What the task requires:
Transcribe everything in the listing below exactly, except the pictures.

Supplied data:
++++

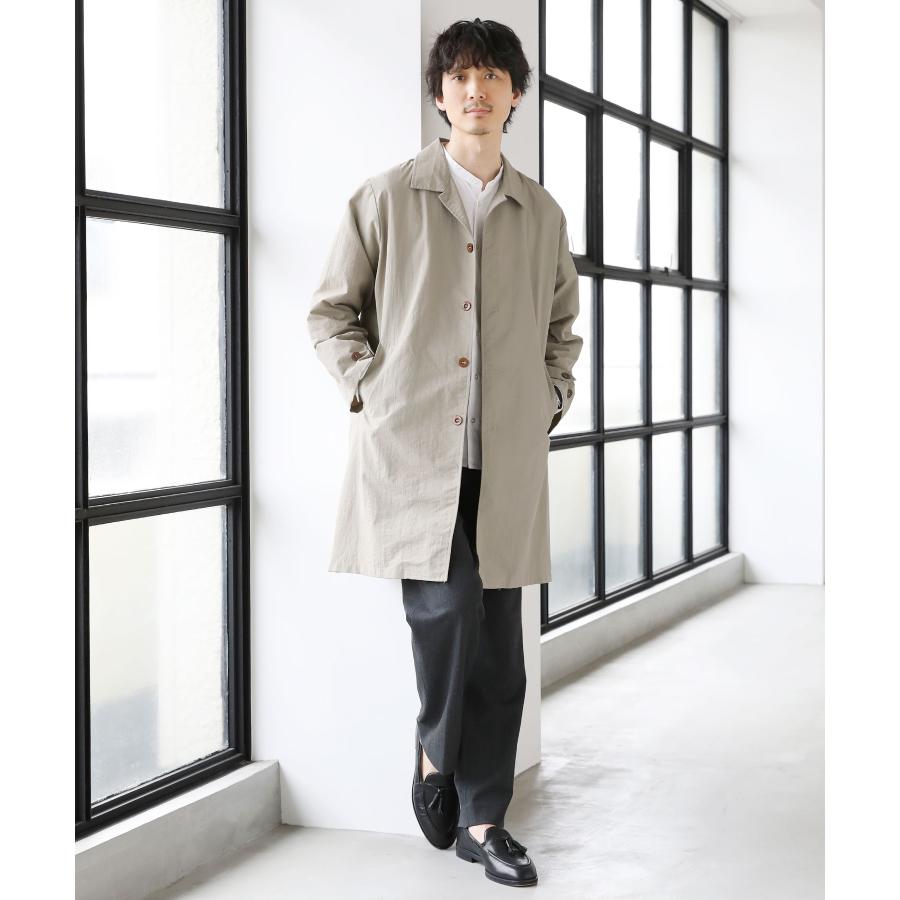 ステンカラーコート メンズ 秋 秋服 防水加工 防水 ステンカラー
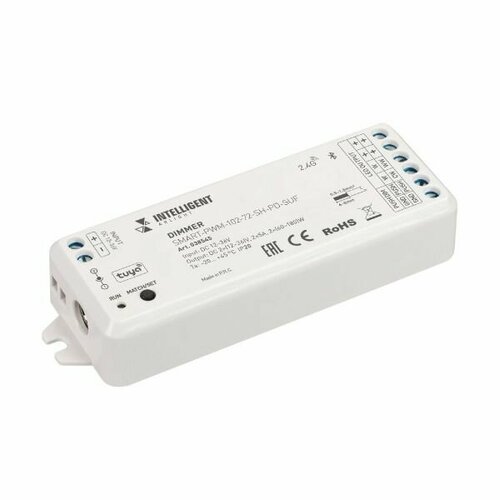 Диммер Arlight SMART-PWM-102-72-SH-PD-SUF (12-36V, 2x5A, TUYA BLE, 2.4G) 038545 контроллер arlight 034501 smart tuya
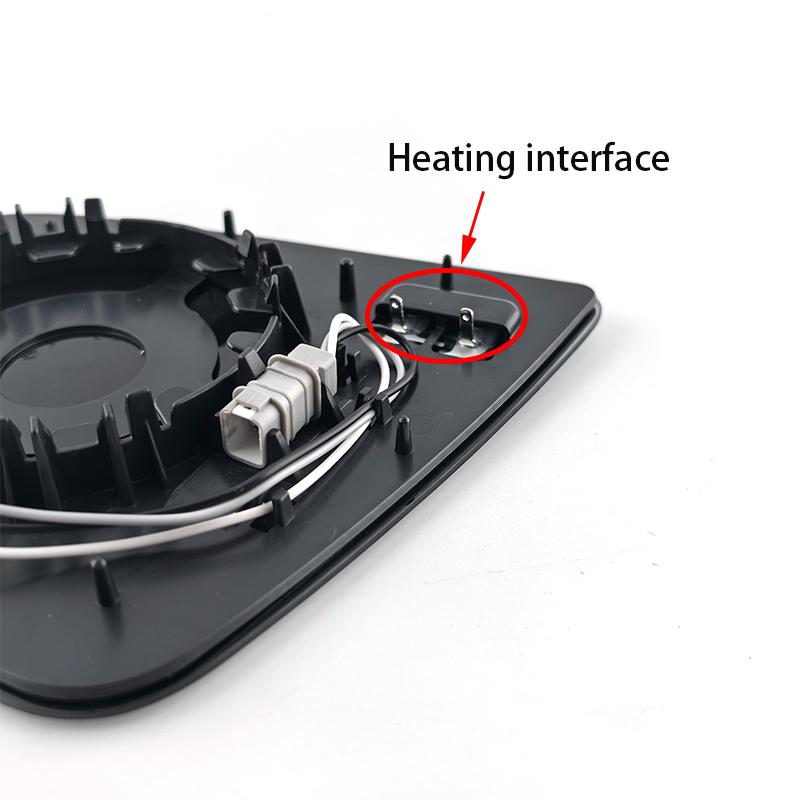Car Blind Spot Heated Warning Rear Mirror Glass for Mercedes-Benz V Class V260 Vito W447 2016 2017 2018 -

++++

Output for this task:
 ステンカラーコート メンズ 秋 秋服 防水加工 防水 ステンカラー
 Диммер Arlight SMART-PWM-102-72-SH-PD-SUF (12-36V, 2x5A, TUYA BLE, 2.4G) 038545 контроллер arlight 034501 smart tuya
Car Blind Spot Heated Warning Rear Mirror Glass for Mercedes-Benz V Class V260 Vito W447 2016 2017 2018 -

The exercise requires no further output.